━━ Exercise input

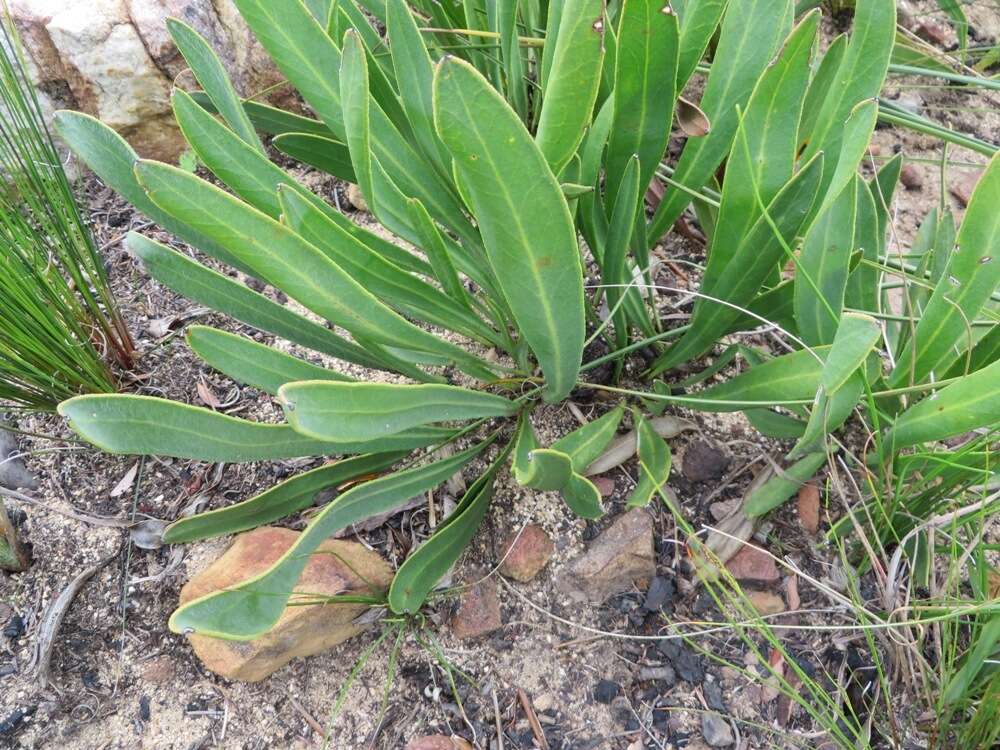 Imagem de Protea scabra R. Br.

━━━━
━━ Exercise input

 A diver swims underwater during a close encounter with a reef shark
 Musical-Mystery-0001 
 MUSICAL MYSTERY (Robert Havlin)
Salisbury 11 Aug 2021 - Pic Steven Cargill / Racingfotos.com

━━━━
━━ Exercise input

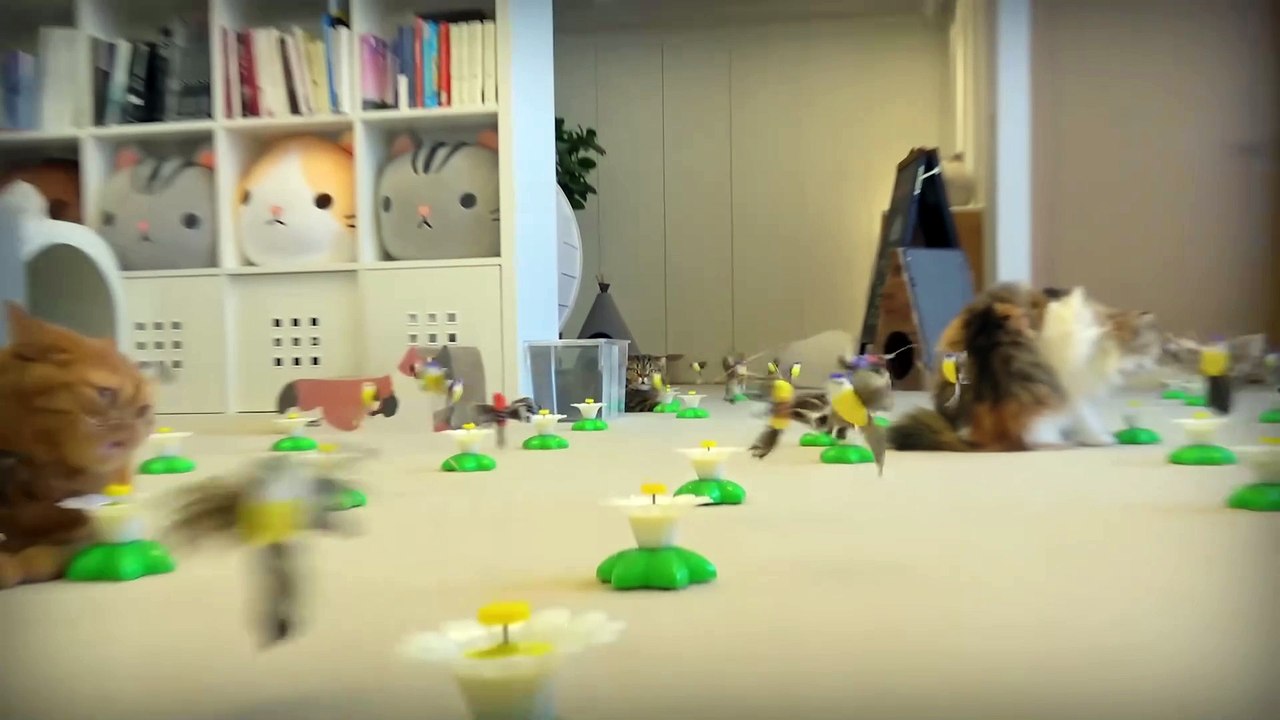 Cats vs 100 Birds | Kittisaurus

━━━━

What is needed is an exact copy of the lines above, from the one containing "Musical-Mystery-0001" through the one containing "Salisbury 11 Aug", with nothing added.

Solution to the exercise ->
 Musical-Mystery-0001 
 MUSICAL MYSTERY (Robert Havlin)
Salisbury 11 Aug 2021 - Pic Steven Cargill / Racingfotos.com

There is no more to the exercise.